No picture should appear in the copy. Transcribe exactly, and only, the lines from the one with "2022 Suzuki Swift GLX Hybrid 1.2PH" through the last line of the data below.

[Dataset items]
• • • • •

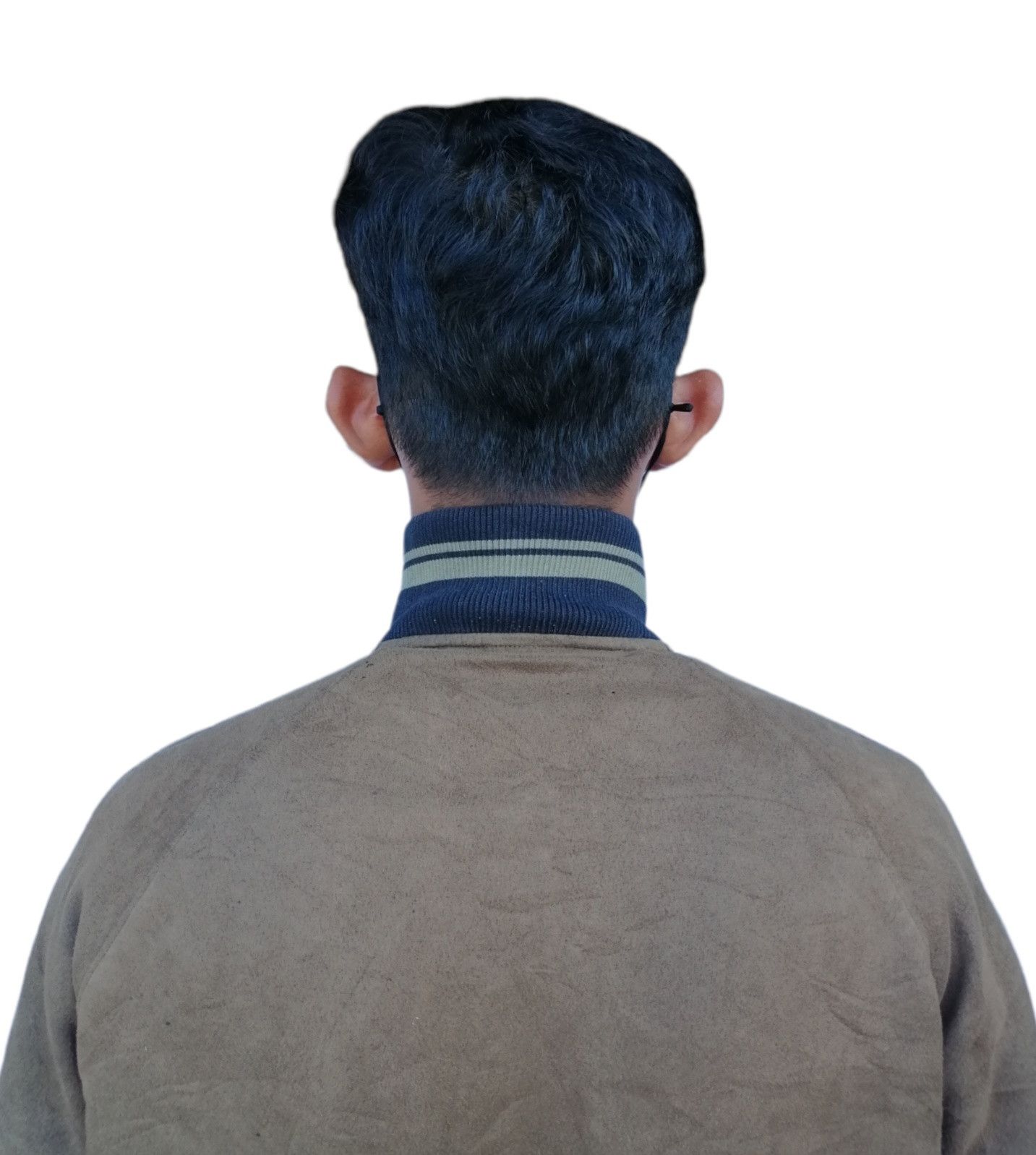 Onitsuka Tiger Vintage Onitsuka Tiger Jacket Sweater Zip Up Size US M / EU 48-50 / 2 - 11 Thumbnail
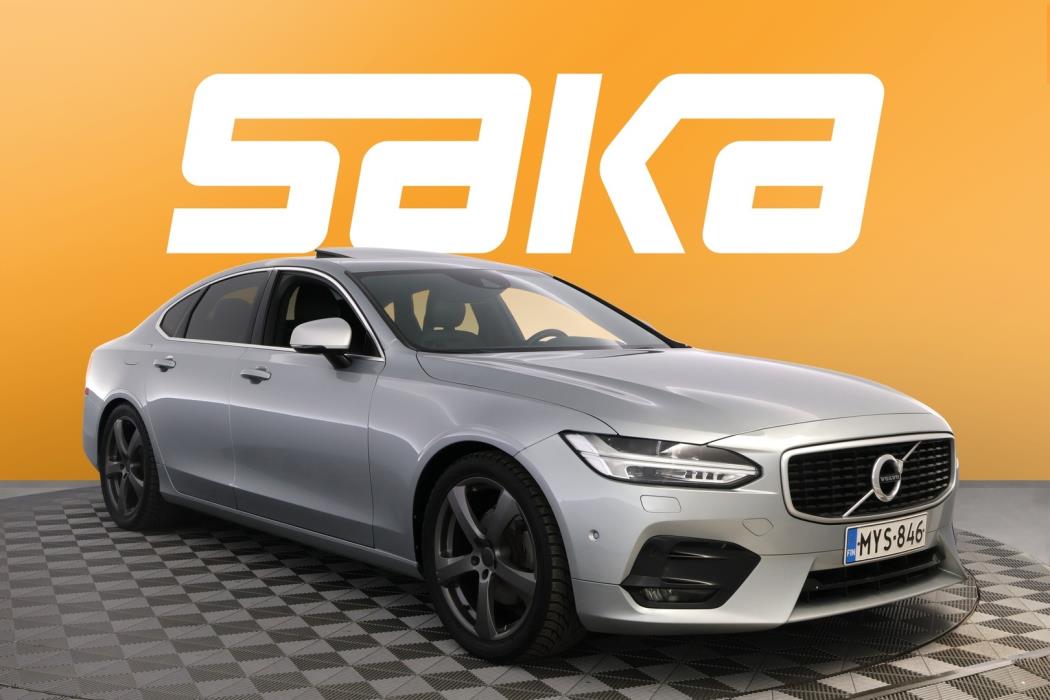 VOLVO S90 2018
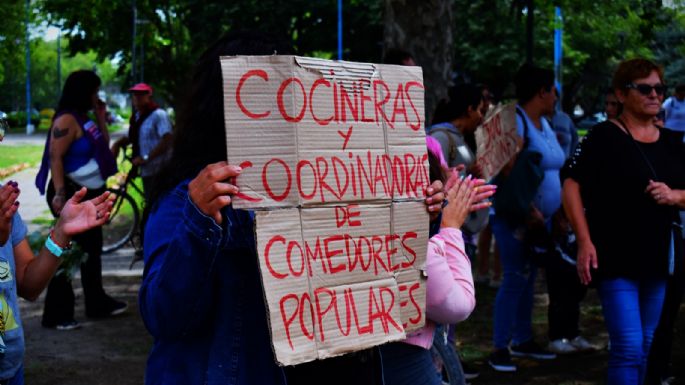 Jornada contra el hambre y la pobreza en Necochea: Voces de reclamo y llamados a la acción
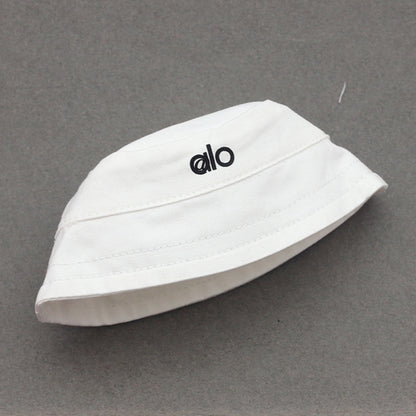 Labubu 4inch bag charm clothes outfits - alo logo hat- 0623H02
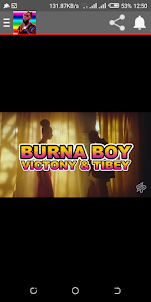 BURNA BOY ALL SONGS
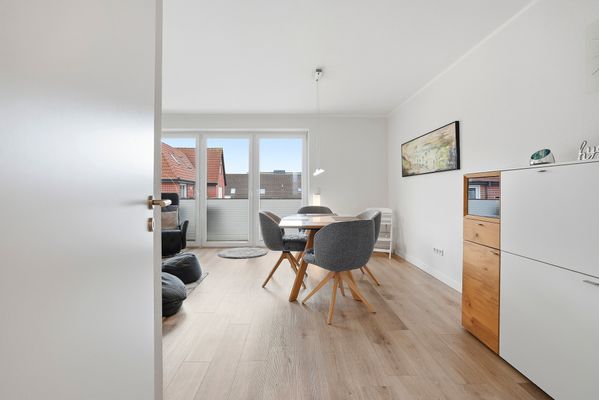 Foto 7 Ferienwohnung Ostfriesland Norddeich & Umgebung Strandfloh (Objekt 24919) suchen
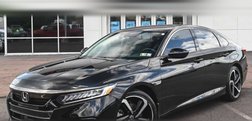 2022 Honda Accord Sport Special Edition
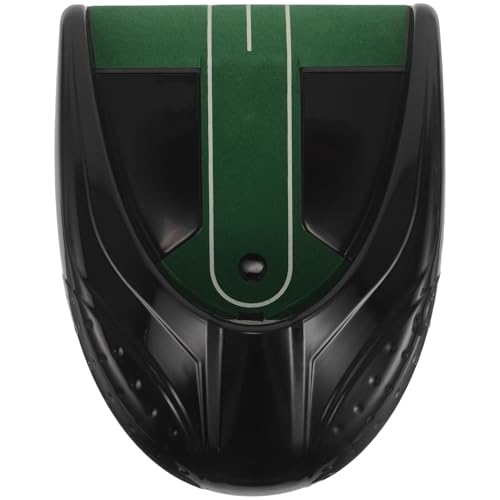 Machine de mise automatique de golf à retour rapide pour intérieur et extérieur
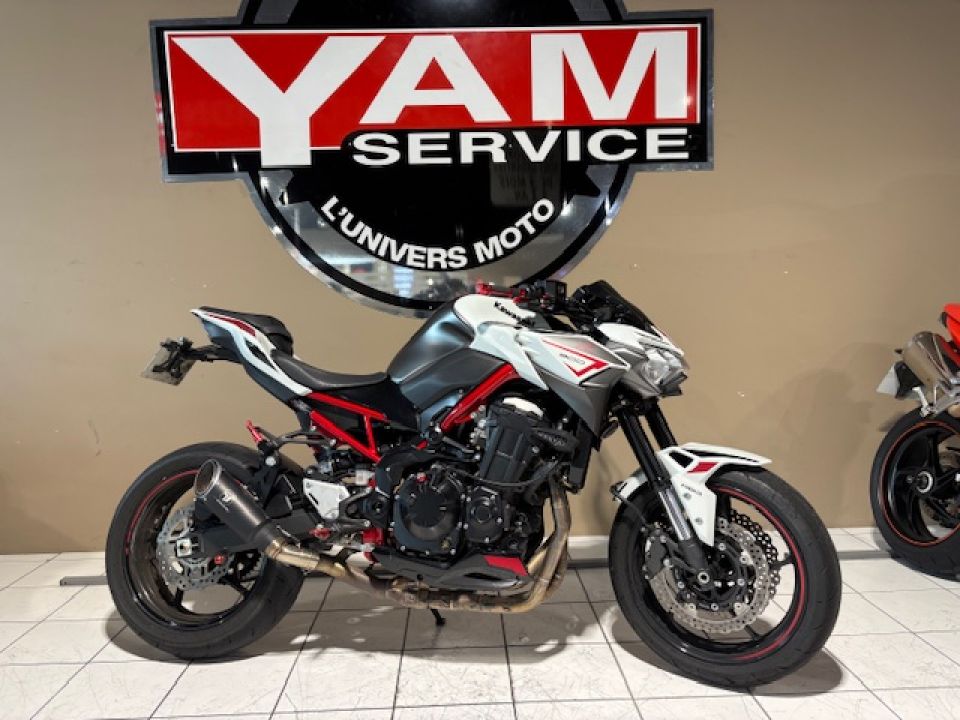 KAWASAKI Z 900 0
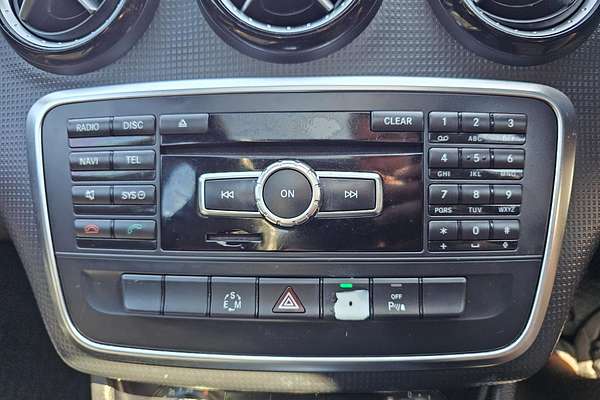 2013 Mercedes-Benz A180 BE 176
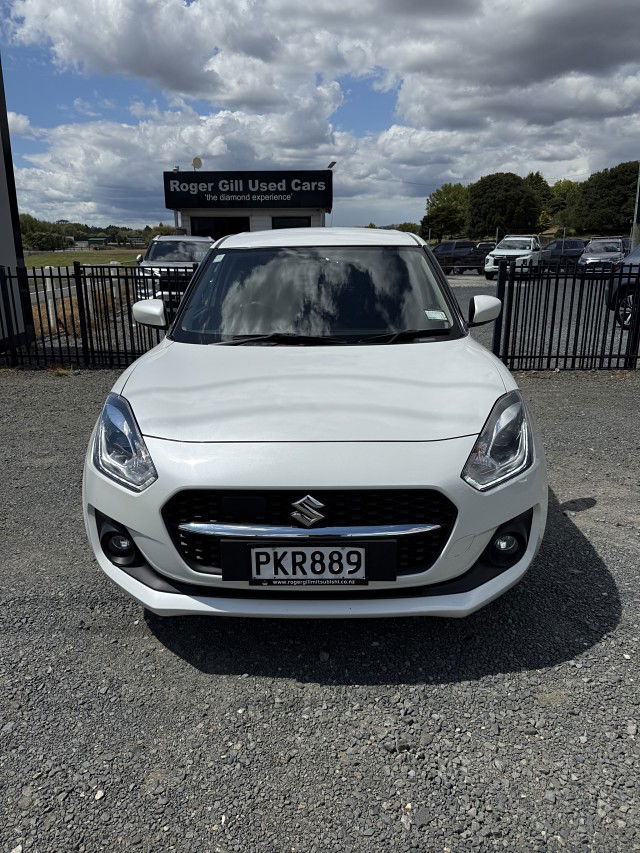 2022 Suzuki Swift GLX Hybrid 1.2PH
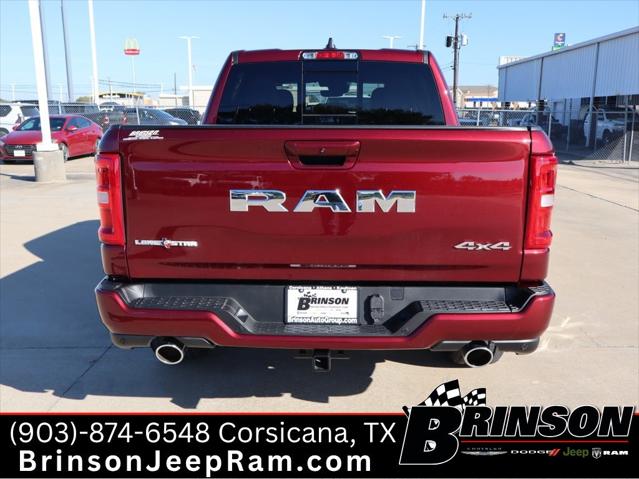 2026 RAM Ram 1500 RAM 1500 LONE STAR CREW CAB 4X4 57 BOX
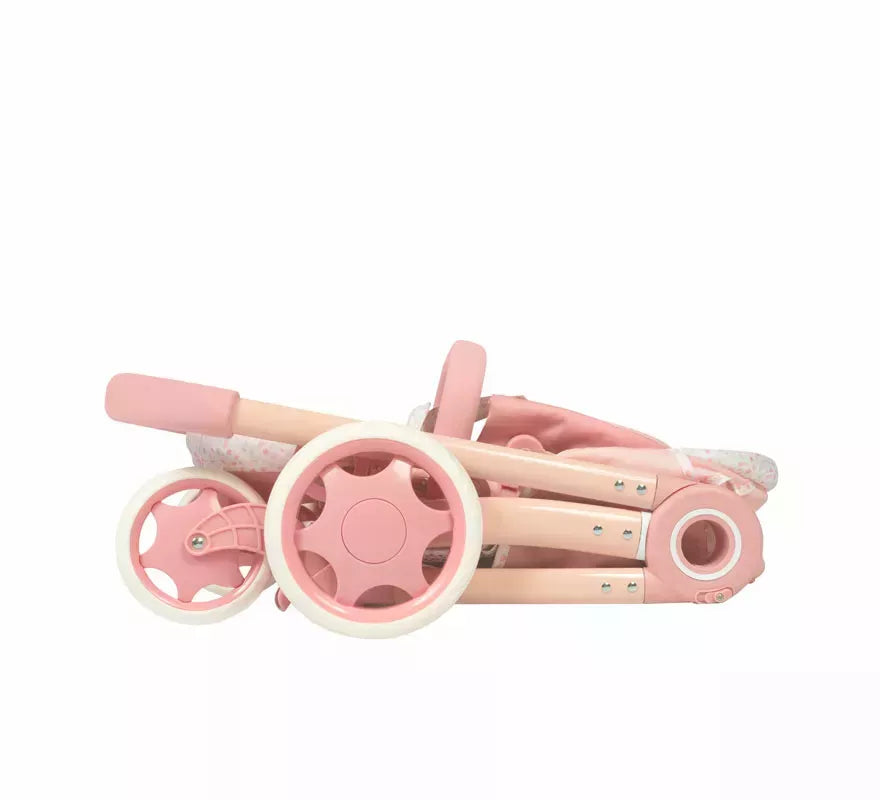 Translation missing: pt-PT.Coche de Muñecas de hasta 48 cm 3 en 1 Plegable con Bolso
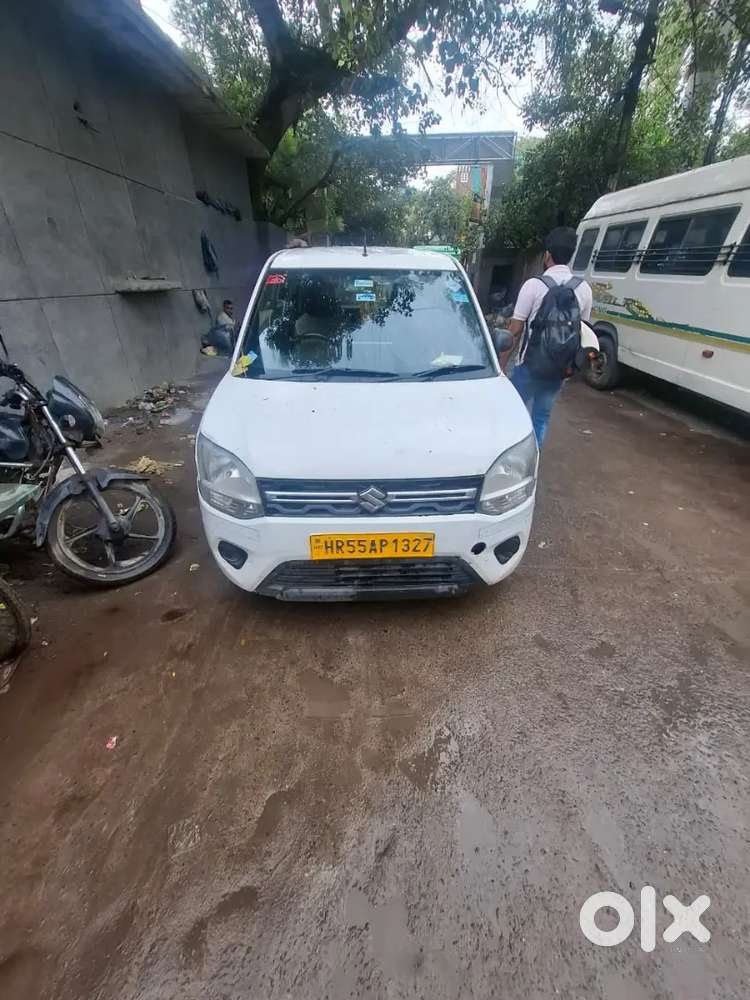 Maruti Suzuki Wagon R 2023 Lxi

• • • • •

§ **Written answer**
 2022 Suzuki Swift GLX Hybrid 1.2PH
 2026 RAM Ram 1500 RAM 1500 LONE STAR CREW CAB 4X4 57 BOX
 Translation missing: pt-PT.Coche de Muñecas de hasta 48 cm 3 en 1 Plegable con Bolso
 Maruti Suzuki Wagon R 2023 Lxi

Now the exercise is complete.